Serica Energy plc – Results for the six months ended 30 June 2024

 

Serica Energy plc, a British independent upstream oil and gas company with operations in the UK North Sea today announces its unaudited financial results for the six months ended 30 June 2024. The results are included below and copies are available at www.serica-energy.com and www.sedar.com.

Chris Cox, Serica’s CEO, stated:

“I am delighted to introduce my first set of results as Serica CEO. Prior to joining, I felt that the Company stood out due to the quality of the team, its strong financial position, and the opportunities for growth both organically and through acquisition – my opinion of the Company’s potential to create value for shareholders has only increased since my arrival.

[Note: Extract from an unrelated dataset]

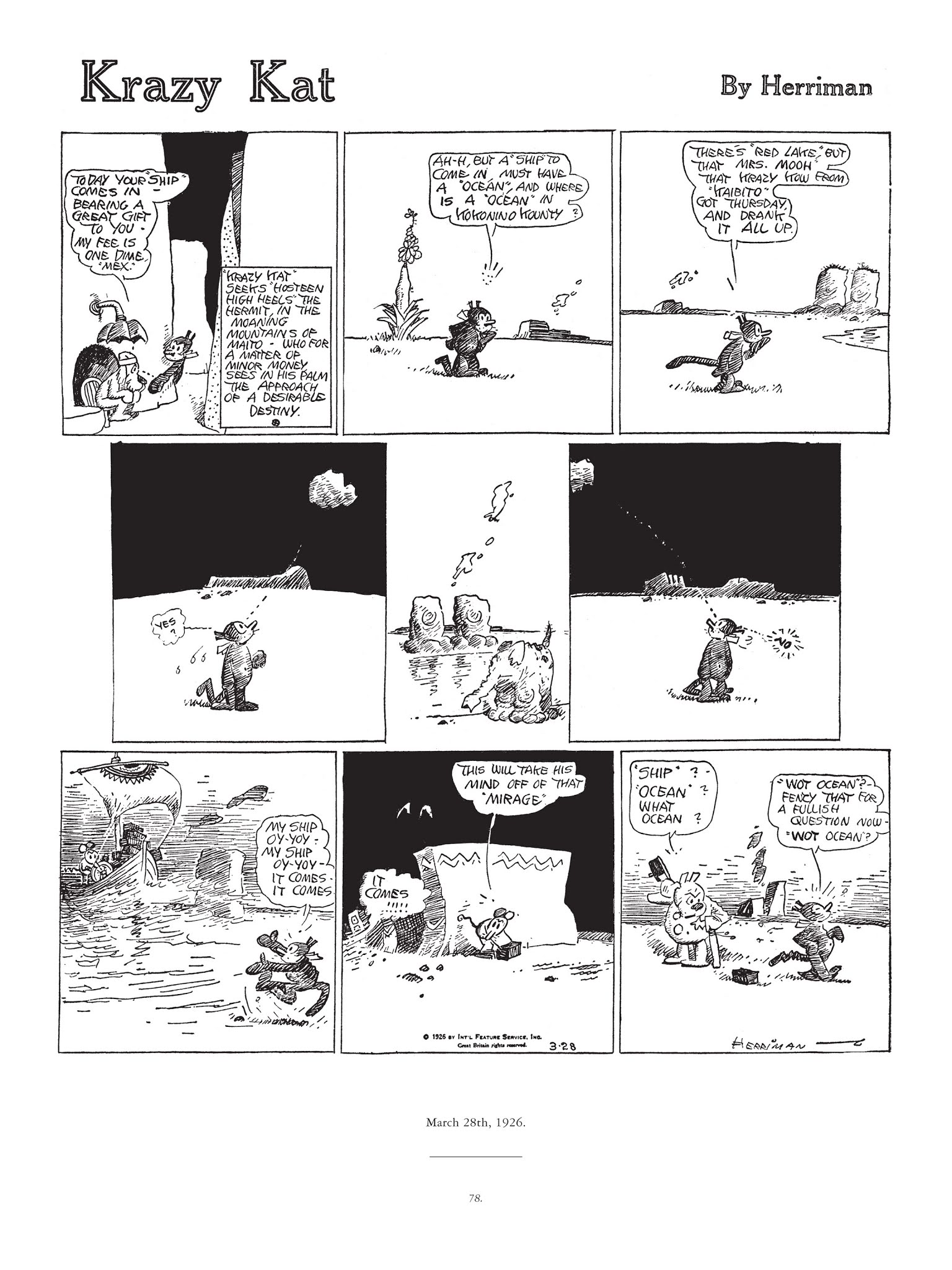 Read online Krazy & Ignatz comic -  Issue # TPB 4 - 79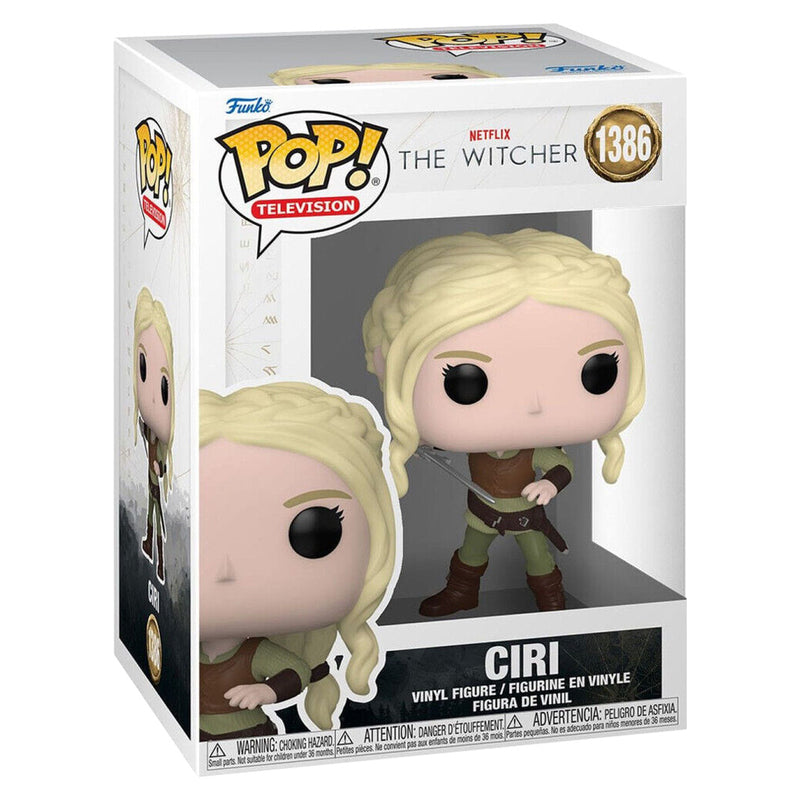 Boneco Funko POP Série The Witcher Ciri 1386 Funko Pop Television Netflix Brinquedo Colecionável Presente Criança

Despite an unjustifiably punitive fiscal regime that may make future investment on the UKCS challenging – and with the level of capital allowances remaining uncertain until the Autumn Budget on 30 October – what is clear is that, thanks to our investment in our assets and our lean operating model, our producing assets remain cash generative, even after paying taxes at a rate of 75% today and due to rise to 78% from 1 November.

Our confidence in our cash generation outlook, together with our strong balance sheet, gives us capital allocation options. Paramount amongst these will always be supporting material shareholder returns which is why we are announcing today that we are holding the interim dividend flat at 9p per share. In addition, to sustain the longevity of our model, we want to continue reinvesting our cash flows into our UK North Sea assets. As a reservoir engineer, I am encouraged that there are multiple attractive opportunities to invest in our portfolio to allow us to sustain production and deliver home-grown low-carbon energy in the medium term. However, we will only be able to make these investments if the fiscal environment allows us to generate a fair return on your capital. We also have the option to add to our portfolio through acquisitions and that is why we will continue, intensively but prudently, to seek value-accretive M&A, both at home and abroad.

Whatever the outcome of the Autumn Budget, my focus will not waver from safety, operational delivery, and growth. The potential in the fields we operate is demonstrated by the positive early signs we are seeing from the Triton drilling programme, and I have been deeply impressed by the talented team we have within Serica that will enable us to unlock further value. Serica will continue to pursue a returns-led investment strategy, and I am confident that we are set to deliver materially cash-generative production for many years to come.”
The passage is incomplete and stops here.